How are decision trees used by Random Forest?
Decision trees can be a powerful statistical tool. However, they have some disadvantages. Most critically, they can “over-fit” the data so that an individual tree poorly predicts future data that wasn’t used to build the initial tree. This challenge is known as the bias-variance tradeoff in statistical learning. Random forests help overcome this over-fitting challenge. At the highest level, a random forest is a collection of decision trees that are built slightly differently on the same data set that “vote” together to yield a better model than an individual tree. The trees are built by randomly selecting a subset of visit records with replacement (known as bagging), and randomly selecting a subset of the attributes, so that the forest consists of slightly different decision trees. This method introduces small variations into the trees that are created in the Random Forest. Adding in this controlled amount of variance helps improve the predictive accuracy of the algorithm.
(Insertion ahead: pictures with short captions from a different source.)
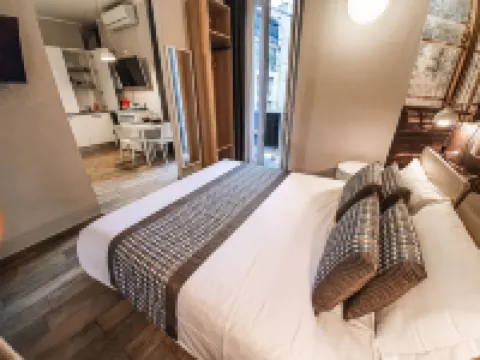 Aparthotel Meneghino Отели в г. 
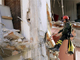 A firefighter working on a destoyed building in L'Aquila on 7 April(Photo: Reuters)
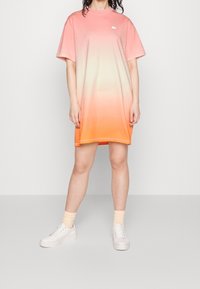 Robe à manches courtes avec dégradé allant du rose à l'orange, en tissu doux. Comprend un col rond et un petit logo sur la poitrine.
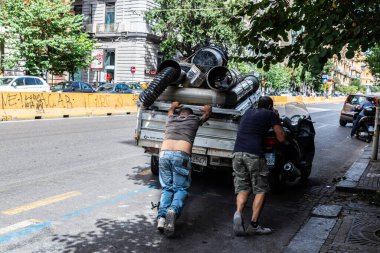 Napoli, İtalya - 9 Eylül 2019: Biri eski Napoli, İtalya 'da bir caddede cep telefonuyla konuşurken, iki adam hurda dolu hasarlı bir minibüsü itiyor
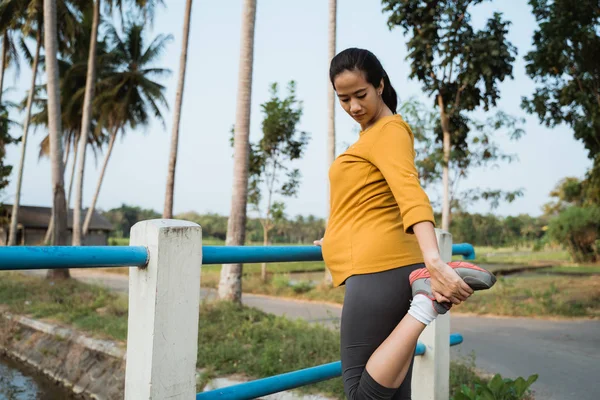 妊娠中の女性は、屋外で運動中に彼女の足を伸ばす — ストック写真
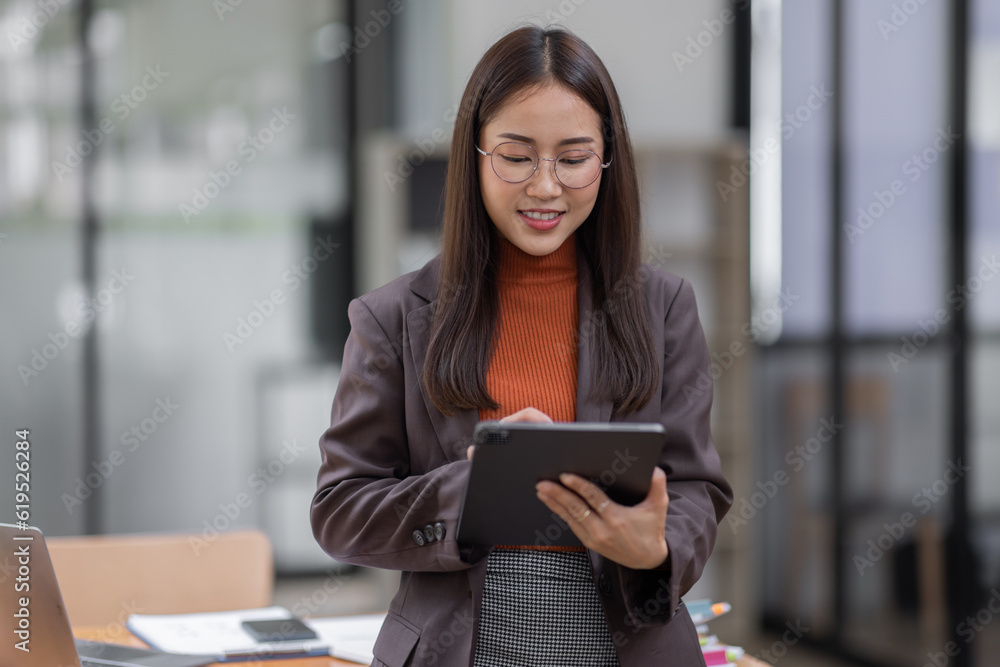 Fototapeta premium Young business entrepreneur Asian woman wear glasses using tablet , standing near the window in workplace business finance concept.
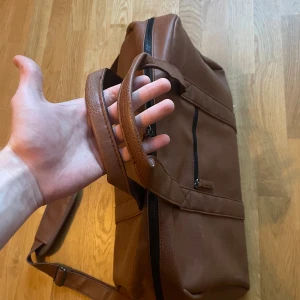 Läder Weekendbag/axelremsväska  - En mycket fin och välgjord weekendbag/axelremsväska från Ashford Ridge  Justerbar och vadderad axelrem  Slitstarka handtag  3 innefickor och 1 extern ficka med dragkedja   Mått: ca 50x30x30cm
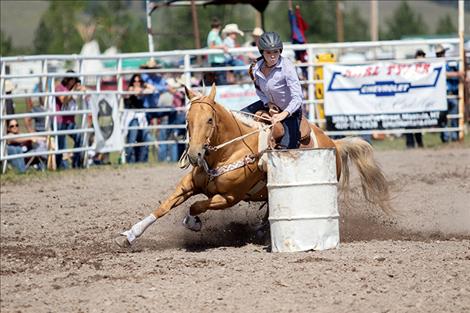 Charlo barrel racer Hailey Weible races to a 15.03 second place finish.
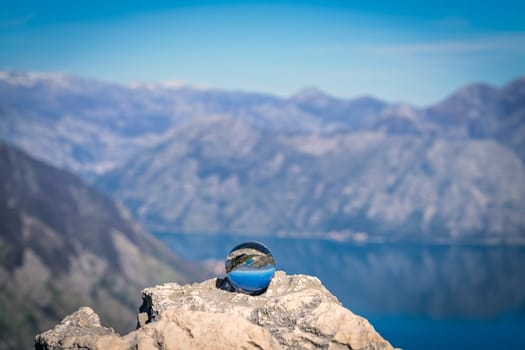 Stunning landscape of the Bay of Kotor and Lovcen National Park in Montenegro reflected in a large glass ball placed on a large boulder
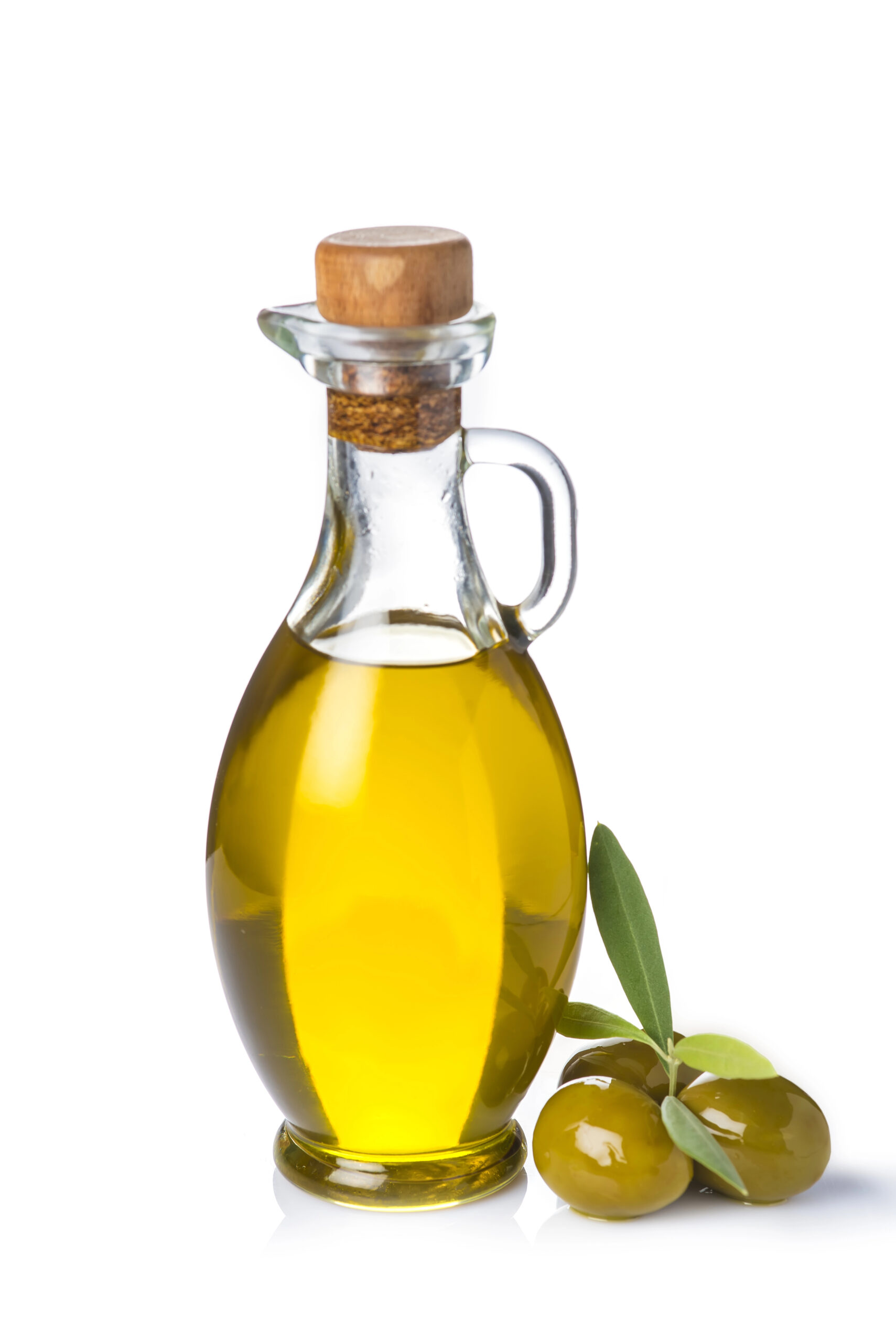 Glass bottle of olive oil with cork stopper and green olives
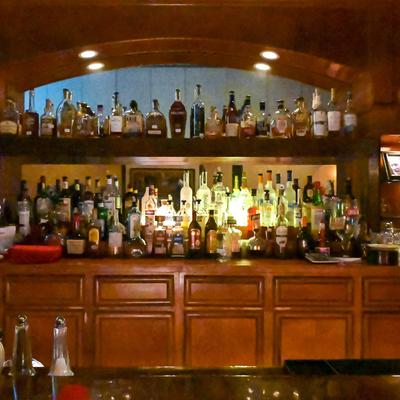 Various liquor bottles on the shelf.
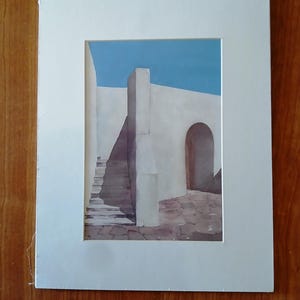 Puede incluir: Una pintura de acuarela de un edificio blanco con un cielo azul de fondo. El edificio tiene una puerta y una escalera que conduce a &eacute;l.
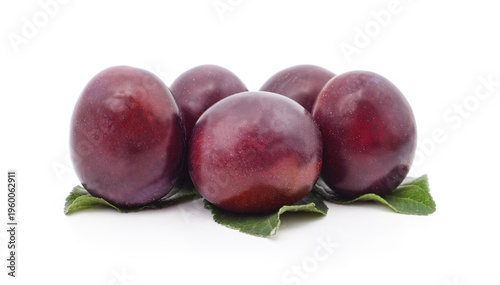 Ripe purple plums with green leaves.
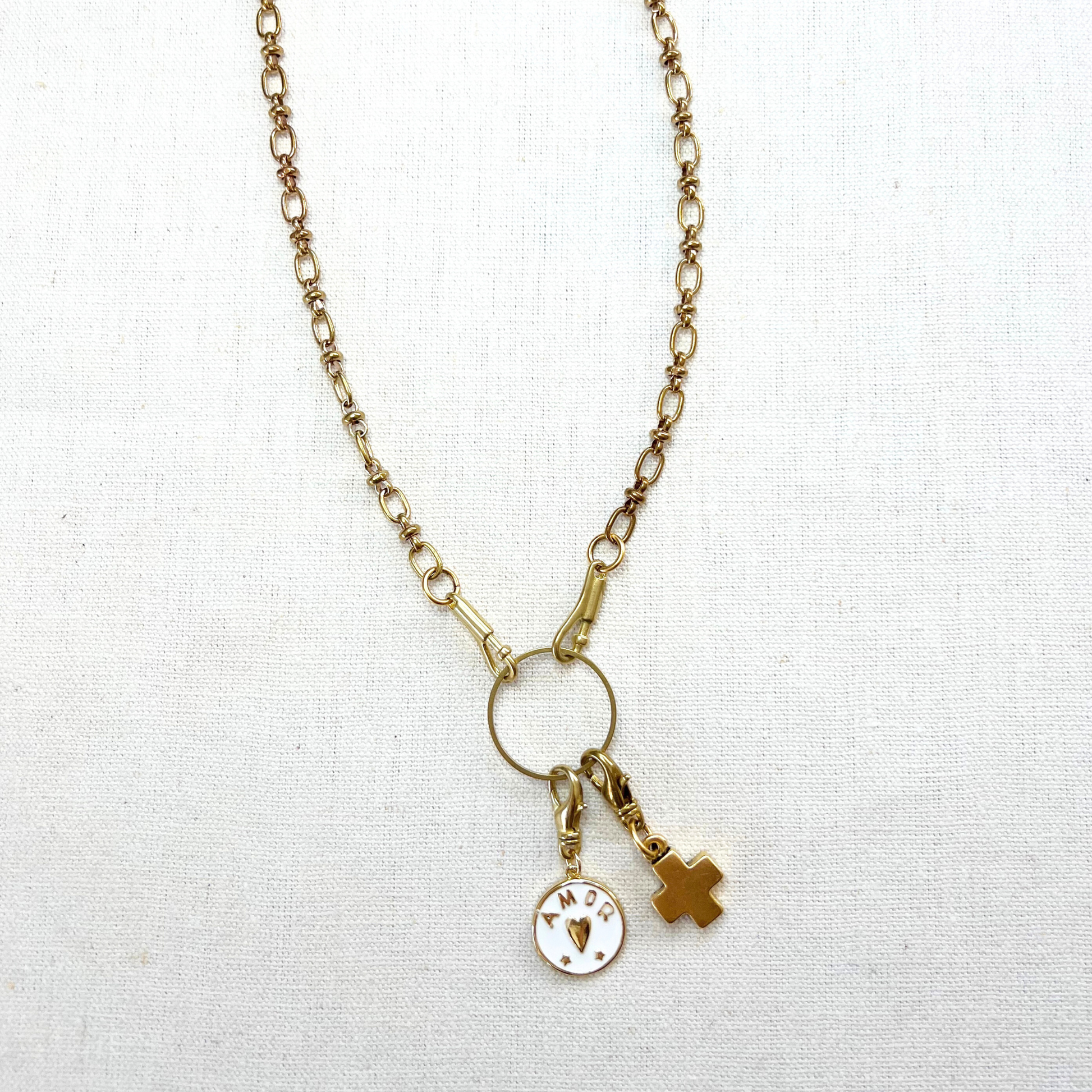 Gold necklace with charms on a white fabric background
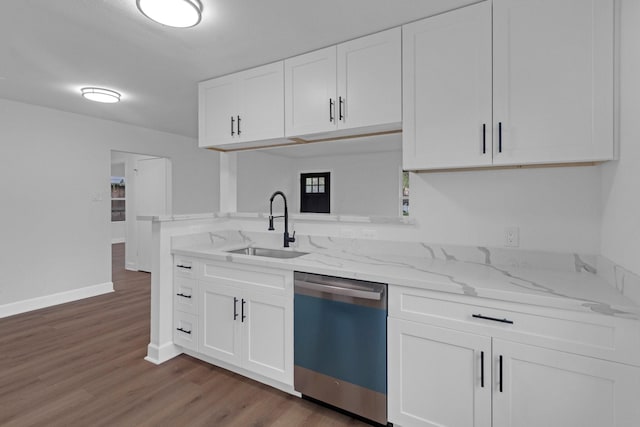 kitchen featuring white cabinets, a sink, stainless steel dishwasher, and light stone countertops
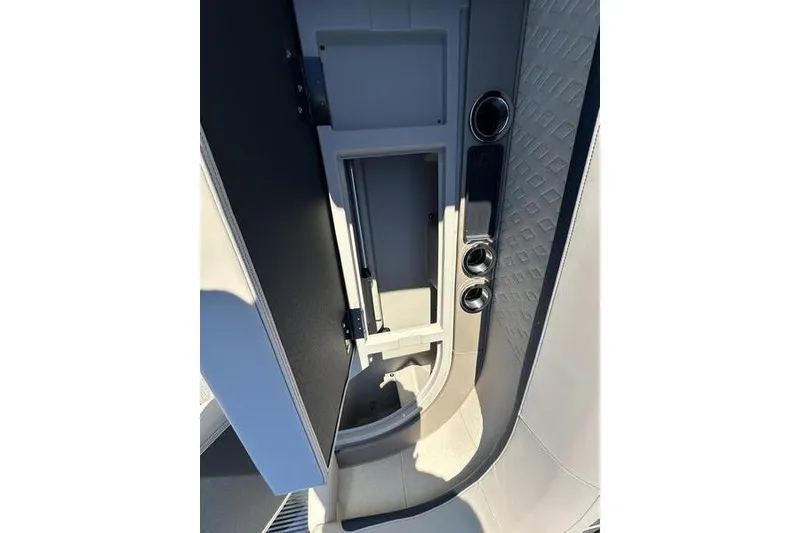 Slide: The Image of 2026 Bennington M Swingback 24 MSB interior with luxurious seating and modern helm. - 13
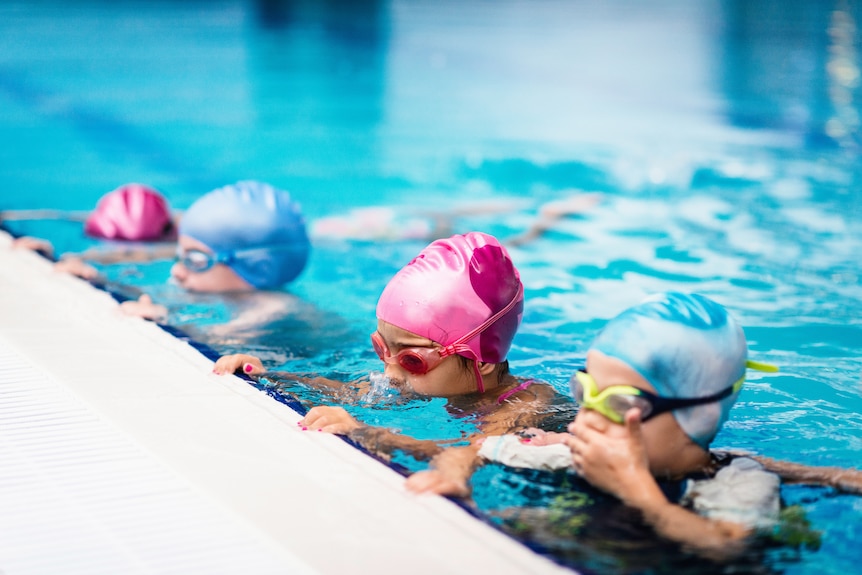 four children, each wearing blue and pink swimming caps, are in a swimming pool gripping the edge of the pool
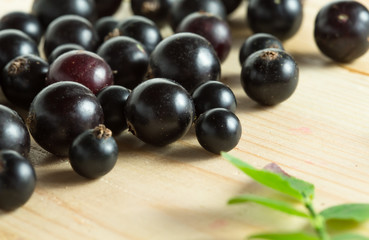 border of fresh berries mix on wooden tabletop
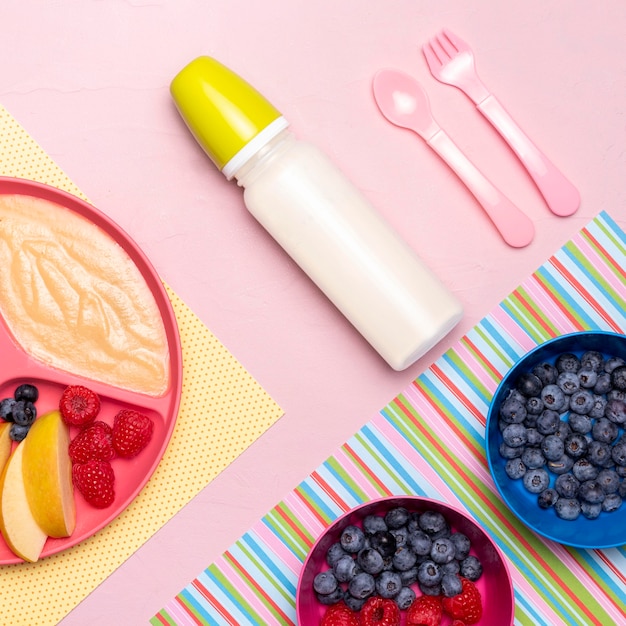 Flache Lage der Babyflasche und des Essens mit Früchten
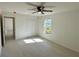 Bright bedroom featuring a window, ceiling fan, and closet with tiled floor at 9172 Ravel St, Port Charlotte, FL 33981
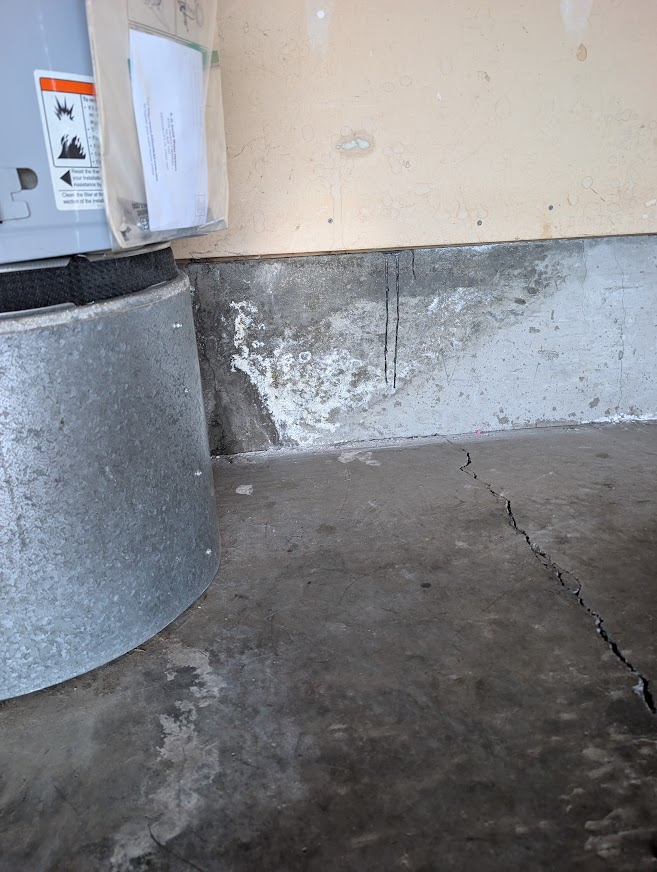 Garage wall on Alabama Hill in Bellingham with white water staining on the concrete from an old flood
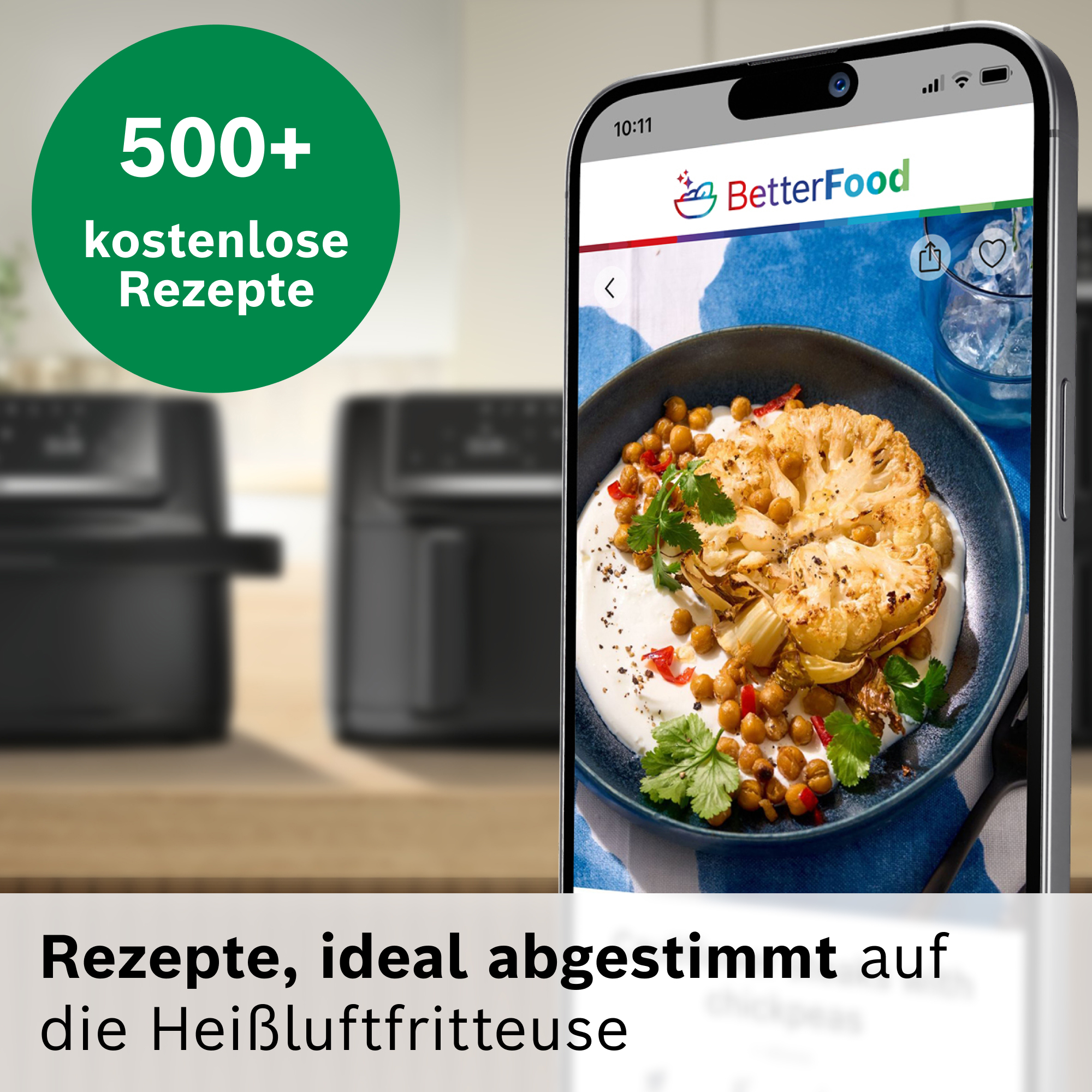 Eine App zeigt ein Gericht mit Blumenkohl und Kichererbsen, neben Heißluftfritteusen.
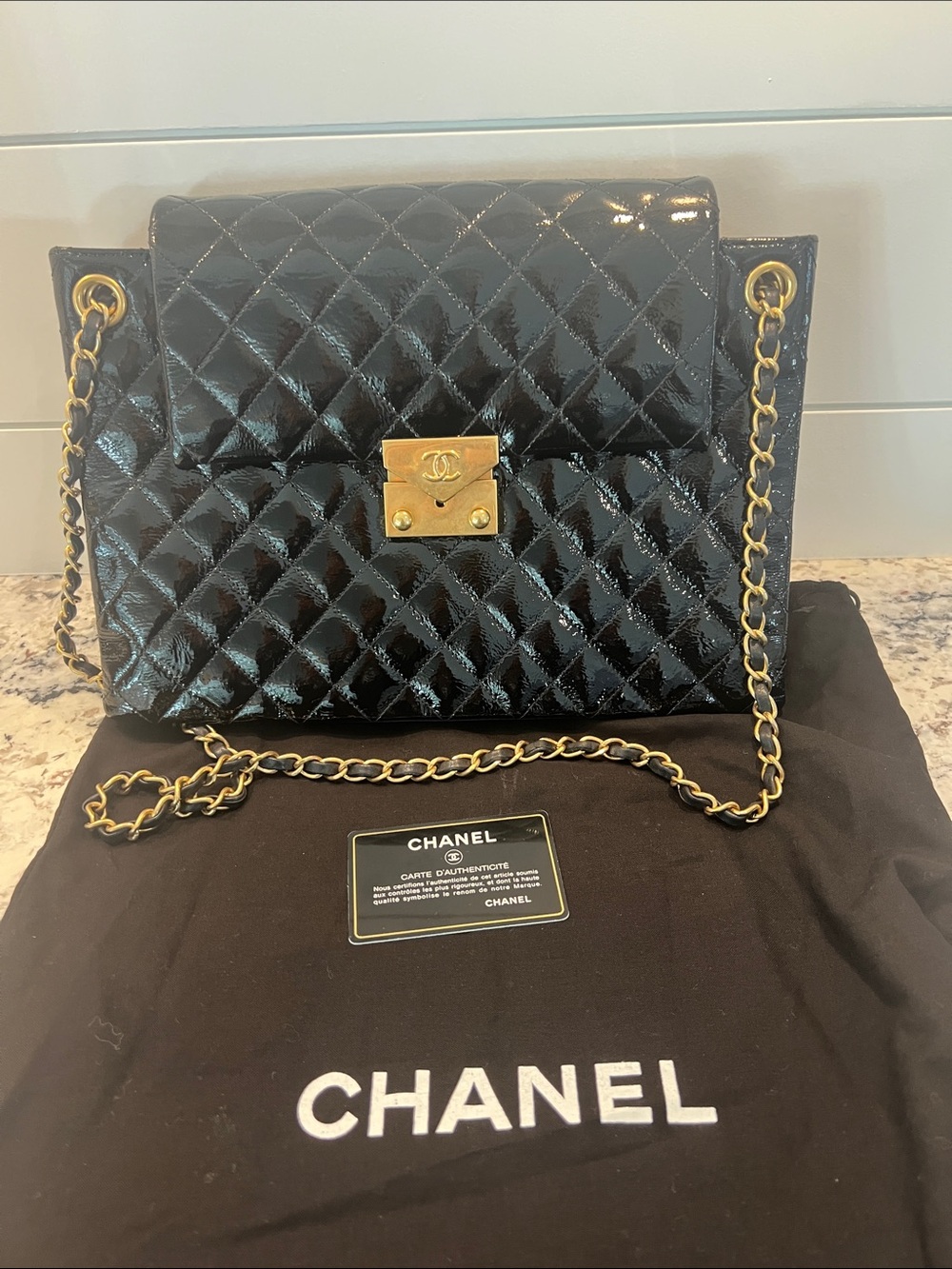 CHANEL Black Quilted Patent Leather Shoulder Bag with Gold Hardware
How do the Target personalization algorithms use Random Forest?
How models are built
The following diagram summarizes how models are built for Auto-Target and Automated Personalization activities:
- Target collects data on visitors while randomly serving experiences or offers
- After Target hits a critical mass of data, Target performs feature engineering
- Target builds Random Forest models for each experience or offer
- Target checks if the model meets a threshold quality score
- Target pushes the model to production to personalize future traffic
Target uses data that it collects automatically, and custom data provided by you, to build its personalization algorithms. These models predict the best experience or offer to show to visitors. Generally, one model is built per experience (if an Auto-Target activity) or per offer (if an Automated Personalization activity). Target then displays the experience or offer that yields the highest predicted success metric (for example, conversion rate). These models must be trained on randomly served visits before they can be used for prediction. As a result, when an activity first starts, even those visitors who are in the personalized group are randomly shown different experiences or offers until the personalization algorithms are ready.
Each model must be validated to ensure that it is good at predicting the behavior of visitors before it is used in your activity. Models are validated based on their Area Under the Curve (AUC). Because of the need for validation, the exact time when a model starts serving personalized experiences depends on the details of the data. In practice, and for traffic planning purposes, it usually takes more than the minimum number of conversions before each model is valid.
When a model becomes valid for an experience or offer, the clock icon to the left of experience/offer name changes to a green checkbox. When there are valid models for at least two experiences or offers, some visits start to become personalized.